Example 2: Computing the controllability matrix \({\cal C}(A,B)\) of the state-space model given in Example 1.
\begin{align*} \left(\begin{matrix} \dot{x}_1 \\ \dot{x}_2 \end{matrix}\right) &= \underbrace{\left(\begin{matrix} 0 & 1 \\ -{6} &-{5}\end{matrix}\right)}_{A}\left(\begin{matrix} x_1 \\ x_2 \end{matrix}\right) + \underbrace{\left(\begin{matrix} 0 \\ 1\end{matrix}\right)}_{B} u, \\ y &= \underbrace{\left(\begin{matrix} 1 & 1 \end{matrix}\right)}_{C} \left(\begin{matrix} x_1 \\ x_2 \end{matrix}\right). \end{align*}Solution: Here \(x \in \RR^2\) and \(A \in \RR^{2 \times 2}\) \(\implies\) \({\cal C}(A,B) \in \RR^{2 \times 2}\).
\begin{align*} {\cal C}(A,B) &= [B\, | \, AB], \\ \text{ where }\, AB &= \left(\begin{matrix} 0 & 1 \\ -{6} &-{5}\end{matrix}\right)\left(\begin{matrix} 0 \\ 1\end{matrix}\right) = \left(\begin{matrix}1 \\ -5\end{matrix}\right) \\ \implies {\cal C}(A,B) &=\left( \begin{matrix} 0 & 1 \\ 1 &-5\end{matrix}\right). \end{align*}Check system controllability by testing the invertibility of \(\mathcal{C}(A, B)\),
\begin{align*} \det {\cal C} = -1 \neq 0 \implies \text{system is completely controllable.} \end{align*}Controllable Canonical Form
A single-input state-space model
\begin{align*} \dot{x} &= Ax + Bu, \\ y &= Cx \end{align*}is said to be in Controller Canonical Form (CCF) if the matrices \(A,B\) are of the form
\begin{align*} A &= \left( \begin{matrix} 0 & 1 & 0 & \ldots & 0 & 0 \\ 0 & 0 & 1 & \ldots & 0 & 0 \\ \vdots & \vdots & \vdots & \ddots & \vdots & \vdots \\ 0 & 0 & 0 & \ldots & 0 & 1 \\ * & * & * & \ldots & * & * \end{matrix} \right), \, B = \left( \begin{matrix} 0 \\ 0 \\ \vdots \\ 0 \\ 1 \end{matrix}\right) \end{align*}Note that a state-space model in CCF is always completely controllable.

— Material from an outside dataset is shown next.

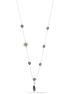 Silver-Tone Matte Finished Metal Yellow Crystal Necklace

The proof of this for \(n > 2\) uses the Jordan canonical form, we shall not worry about this. Interested readers can follow the underlined link.
CCF with Arbitrary Zeros
In our example, we had \(G(s) = \dfrac{s+1}{s^2 + 5s + 6}\) with a minimum-phase zero at \(z=-1\).
Let’s consider a general zero location \(s=z\),
\begin{align*} G(s) = \frac{s-z}{s^2 + 5s+6}. \end{align*}This gives us a CCF realization
\begin{align*} \left(\begin{matrix} \dot{x}_1 \\ \dot{x}_2 \end{matrix}\right) &= \underbrace{\left(\begin{matrix} 0 & 1 \\ -{6} &-{5}\end{matrix}\right)}_{A}\left(\begin{matrix} x_1 \\ x_2 \end{matrix}\right) + \underbrace{\left(\begin{matrix} 0 \\ 1\end{matrix}\right)}_{B} u, \\ y &= \underbrace{\left(\begin{matrix} -z & 1 \end{matrix}\right)}_{C} \left(\begin{matrix} x_1 \\ x_2 \end{matrix}\right). \end{align*}Since \(A,B\) are the same as before as in Example 2, \({\cal C}(A,B)\) is the same \(\implies\) the system is still completely controllable. (Zeros only enter \(C\) matrix which is not involved in controllability matrix.)
Upshot: A system state-space model in CCF is controllable for any locations of the zeros.